What you should do ->
Search the records below for "Rabbit" and copy every line it turns up in.

Input data ->
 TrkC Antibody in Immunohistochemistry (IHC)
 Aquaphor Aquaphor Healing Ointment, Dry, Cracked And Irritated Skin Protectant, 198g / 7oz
--
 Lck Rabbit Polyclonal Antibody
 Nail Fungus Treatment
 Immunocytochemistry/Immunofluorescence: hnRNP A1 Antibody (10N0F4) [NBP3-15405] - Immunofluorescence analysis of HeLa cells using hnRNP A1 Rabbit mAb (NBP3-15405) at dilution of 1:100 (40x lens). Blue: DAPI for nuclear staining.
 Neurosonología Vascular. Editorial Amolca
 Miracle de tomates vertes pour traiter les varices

Response box ->
 Lck Rabbit Polyclonal Antibody
 Immunocytochemistry/Immunofluorescence: hnRNP A1 Antibody (10N0F4) [NBP3-15405] - Immunofluorescence analysis of HeLa cells using hnRNP A1 Rabbit mAb (NBP3-15405) at dilution of 1:100 (40x lens). Blue: DAPI for nuclear staining.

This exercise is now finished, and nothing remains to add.